Reported by UC San Diego Today:
New research out of the University of California San Diego and the University of Haifa is reshaping what we know about ancient seaborne trade in the eastern Mediterranean. Published recently in Antiquity, a new paper documents the first-ever discovery of Iron Age ship cargoes within a former port city in Israel and provides rare, direct evidence of trade in a period previously understood largely through land-based finds.
Spearheaded by UC San Diego’s Thomas E. Levy, co-director of the UC San Diego Qualcomm Institute Center for Cyber-Archaeology and Sustainability, a distinguished professor in the Division of Graduate Education and Postdoctoral Affairs and inaugural holder of the Norma Kershaw Chair in the Archaeology of Ancient Israel and Neighboring Lands in the Department of Anthropology, and Assaf Yasur-Landau, the founder of the University of Haifa’s Laboratory for Coastal Archaeology and Underwater Survey, the international research team has revealed new patterns of connectivity, commerce and political change in the region from the 11th to 6th centuries BCE.
The researchers uncovered three distinct submerged cargo assemblages in the Dor Lagoon—also known as Tantura Lagoon—on Israel’s Carmel Coast.
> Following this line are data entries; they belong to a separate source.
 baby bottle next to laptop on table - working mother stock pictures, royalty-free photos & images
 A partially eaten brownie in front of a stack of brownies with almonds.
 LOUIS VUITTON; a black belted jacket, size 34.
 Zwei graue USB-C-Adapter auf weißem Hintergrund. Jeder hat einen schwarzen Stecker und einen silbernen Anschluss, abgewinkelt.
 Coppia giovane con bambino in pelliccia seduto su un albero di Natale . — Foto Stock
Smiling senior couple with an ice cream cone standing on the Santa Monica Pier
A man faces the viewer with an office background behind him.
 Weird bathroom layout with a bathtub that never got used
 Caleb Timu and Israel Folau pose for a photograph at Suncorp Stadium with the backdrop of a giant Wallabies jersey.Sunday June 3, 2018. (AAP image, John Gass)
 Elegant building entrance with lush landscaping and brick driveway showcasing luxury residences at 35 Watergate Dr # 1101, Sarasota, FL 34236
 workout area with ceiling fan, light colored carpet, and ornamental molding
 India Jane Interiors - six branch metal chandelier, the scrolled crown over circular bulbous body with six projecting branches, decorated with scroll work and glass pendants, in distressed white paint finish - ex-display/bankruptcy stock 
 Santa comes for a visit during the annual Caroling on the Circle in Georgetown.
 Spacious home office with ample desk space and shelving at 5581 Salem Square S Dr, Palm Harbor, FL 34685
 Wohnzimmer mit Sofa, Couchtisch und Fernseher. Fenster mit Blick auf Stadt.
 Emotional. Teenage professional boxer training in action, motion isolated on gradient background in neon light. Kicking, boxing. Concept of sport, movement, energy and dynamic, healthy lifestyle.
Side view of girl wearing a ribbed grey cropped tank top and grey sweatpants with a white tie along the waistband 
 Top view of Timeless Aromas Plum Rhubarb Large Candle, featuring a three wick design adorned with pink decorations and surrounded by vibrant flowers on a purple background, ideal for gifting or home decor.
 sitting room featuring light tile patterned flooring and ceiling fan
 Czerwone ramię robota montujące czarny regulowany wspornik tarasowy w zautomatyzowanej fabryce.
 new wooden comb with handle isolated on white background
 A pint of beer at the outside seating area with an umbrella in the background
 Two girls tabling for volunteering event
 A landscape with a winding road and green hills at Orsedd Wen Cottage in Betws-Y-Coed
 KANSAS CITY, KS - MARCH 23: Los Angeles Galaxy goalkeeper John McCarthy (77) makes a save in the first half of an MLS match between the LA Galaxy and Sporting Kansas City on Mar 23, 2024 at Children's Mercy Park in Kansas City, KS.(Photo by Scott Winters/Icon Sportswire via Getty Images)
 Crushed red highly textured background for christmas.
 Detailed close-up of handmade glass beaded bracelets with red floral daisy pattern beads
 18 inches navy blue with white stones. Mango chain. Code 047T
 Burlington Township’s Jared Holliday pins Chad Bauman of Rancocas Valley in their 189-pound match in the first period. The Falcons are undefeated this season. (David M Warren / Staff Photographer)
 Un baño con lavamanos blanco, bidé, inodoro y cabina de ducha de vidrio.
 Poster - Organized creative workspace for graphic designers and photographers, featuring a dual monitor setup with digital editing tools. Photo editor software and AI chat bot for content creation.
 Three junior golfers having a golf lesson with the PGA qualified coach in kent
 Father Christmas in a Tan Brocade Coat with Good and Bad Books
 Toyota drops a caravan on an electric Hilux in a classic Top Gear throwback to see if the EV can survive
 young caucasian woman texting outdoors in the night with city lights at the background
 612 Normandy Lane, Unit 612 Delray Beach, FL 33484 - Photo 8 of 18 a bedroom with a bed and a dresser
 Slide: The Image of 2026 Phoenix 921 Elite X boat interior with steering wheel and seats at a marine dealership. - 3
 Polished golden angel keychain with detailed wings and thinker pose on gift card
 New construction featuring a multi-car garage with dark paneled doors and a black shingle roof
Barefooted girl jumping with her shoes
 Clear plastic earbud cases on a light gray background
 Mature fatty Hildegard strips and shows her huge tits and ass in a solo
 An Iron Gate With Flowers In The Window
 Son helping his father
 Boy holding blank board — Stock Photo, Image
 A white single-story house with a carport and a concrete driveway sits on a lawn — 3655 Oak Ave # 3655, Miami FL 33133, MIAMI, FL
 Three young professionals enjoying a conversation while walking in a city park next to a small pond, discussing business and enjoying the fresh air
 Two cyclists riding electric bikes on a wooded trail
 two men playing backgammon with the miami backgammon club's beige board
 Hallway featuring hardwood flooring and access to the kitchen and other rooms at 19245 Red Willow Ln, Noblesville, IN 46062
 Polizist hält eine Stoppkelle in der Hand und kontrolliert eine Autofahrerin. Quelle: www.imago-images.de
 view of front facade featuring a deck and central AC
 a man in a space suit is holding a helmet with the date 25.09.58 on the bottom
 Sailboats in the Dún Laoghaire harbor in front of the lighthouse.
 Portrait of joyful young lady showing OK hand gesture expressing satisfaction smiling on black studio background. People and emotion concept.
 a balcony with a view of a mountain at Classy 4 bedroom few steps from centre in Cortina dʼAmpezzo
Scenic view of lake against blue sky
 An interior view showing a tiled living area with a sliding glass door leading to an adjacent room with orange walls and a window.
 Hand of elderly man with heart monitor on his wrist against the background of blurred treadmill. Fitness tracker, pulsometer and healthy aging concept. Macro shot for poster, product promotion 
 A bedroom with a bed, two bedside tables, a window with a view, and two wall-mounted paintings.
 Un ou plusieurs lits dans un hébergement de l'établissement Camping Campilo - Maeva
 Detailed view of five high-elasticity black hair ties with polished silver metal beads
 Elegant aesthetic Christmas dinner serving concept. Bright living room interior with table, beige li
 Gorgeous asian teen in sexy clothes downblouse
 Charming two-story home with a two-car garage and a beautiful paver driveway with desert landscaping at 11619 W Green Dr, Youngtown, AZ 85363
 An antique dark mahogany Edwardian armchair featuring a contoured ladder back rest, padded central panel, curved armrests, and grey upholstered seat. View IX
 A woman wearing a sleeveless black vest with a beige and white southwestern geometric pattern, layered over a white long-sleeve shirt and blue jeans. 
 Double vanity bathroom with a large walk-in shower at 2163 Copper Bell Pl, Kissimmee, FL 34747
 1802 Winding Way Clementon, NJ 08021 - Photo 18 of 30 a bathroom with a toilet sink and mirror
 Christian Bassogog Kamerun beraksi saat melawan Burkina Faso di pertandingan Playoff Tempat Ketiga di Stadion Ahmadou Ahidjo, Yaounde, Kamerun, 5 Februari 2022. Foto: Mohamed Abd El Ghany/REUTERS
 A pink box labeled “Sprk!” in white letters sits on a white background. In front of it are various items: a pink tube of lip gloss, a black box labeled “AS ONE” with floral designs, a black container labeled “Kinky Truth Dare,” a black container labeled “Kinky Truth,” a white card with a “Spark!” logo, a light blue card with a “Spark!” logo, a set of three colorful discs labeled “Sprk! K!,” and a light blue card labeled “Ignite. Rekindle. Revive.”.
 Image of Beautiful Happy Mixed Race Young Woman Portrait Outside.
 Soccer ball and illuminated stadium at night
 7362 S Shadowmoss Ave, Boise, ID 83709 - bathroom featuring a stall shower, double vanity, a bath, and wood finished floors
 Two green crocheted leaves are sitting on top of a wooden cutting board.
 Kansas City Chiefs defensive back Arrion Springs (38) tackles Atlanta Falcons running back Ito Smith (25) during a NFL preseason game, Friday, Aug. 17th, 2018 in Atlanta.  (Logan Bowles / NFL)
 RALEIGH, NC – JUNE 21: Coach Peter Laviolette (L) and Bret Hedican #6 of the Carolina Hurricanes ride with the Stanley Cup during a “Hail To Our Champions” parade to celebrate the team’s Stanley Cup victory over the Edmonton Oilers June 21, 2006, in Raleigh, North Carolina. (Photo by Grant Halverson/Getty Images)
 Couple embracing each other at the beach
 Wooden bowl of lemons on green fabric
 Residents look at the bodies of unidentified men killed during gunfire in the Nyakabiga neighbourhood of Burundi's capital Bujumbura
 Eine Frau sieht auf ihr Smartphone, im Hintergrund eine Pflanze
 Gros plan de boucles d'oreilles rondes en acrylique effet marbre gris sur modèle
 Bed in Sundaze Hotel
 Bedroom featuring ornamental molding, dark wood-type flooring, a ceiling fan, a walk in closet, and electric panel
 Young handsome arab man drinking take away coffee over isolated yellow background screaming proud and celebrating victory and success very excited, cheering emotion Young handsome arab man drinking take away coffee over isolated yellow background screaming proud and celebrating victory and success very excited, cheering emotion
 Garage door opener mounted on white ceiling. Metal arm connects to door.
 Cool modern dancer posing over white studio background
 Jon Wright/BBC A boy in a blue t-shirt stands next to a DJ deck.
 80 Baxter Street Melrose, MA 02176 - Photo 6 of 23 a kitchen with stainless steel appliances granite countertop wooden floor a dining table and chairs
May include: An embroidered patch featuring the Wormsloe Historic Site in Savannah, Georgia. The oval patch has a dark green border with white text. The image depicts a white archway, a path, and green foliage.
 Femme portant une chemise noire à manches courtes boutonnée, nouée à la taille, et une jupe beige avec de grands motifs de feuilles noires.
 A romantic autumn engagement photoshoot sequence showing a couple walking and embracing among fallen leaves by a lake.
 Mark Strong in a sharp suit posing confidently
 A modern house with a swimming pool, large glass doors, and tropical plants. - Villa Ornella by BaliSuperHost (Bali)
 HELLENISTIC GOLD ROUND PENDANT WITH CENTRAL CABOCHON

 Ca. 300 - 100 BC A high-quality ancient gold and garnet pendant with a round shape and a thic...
This was once home to the bustling port city of Dor, which sat at the crossroads of Egyptian, Phoenician and later Assyrian and Babylonian trade.
These are among the very few Iron Age cargoes known across the entire Mediterranean and the first tied to a known Iron Age port city in the southern Levant.
The project is part of the long-running marine and cyber-archaeology collaboration between UC San Diego’s Center for Cyber-Archaeology and Sustainability and the University of Haifa’s School of Archaeology and Maritime Cultures. Through this partnership, researchers combine cutting-edge technologies like 3D modeling, multispectral imaging and digital mapping with traditional archaeological excavation to explore submerged cultural heritage.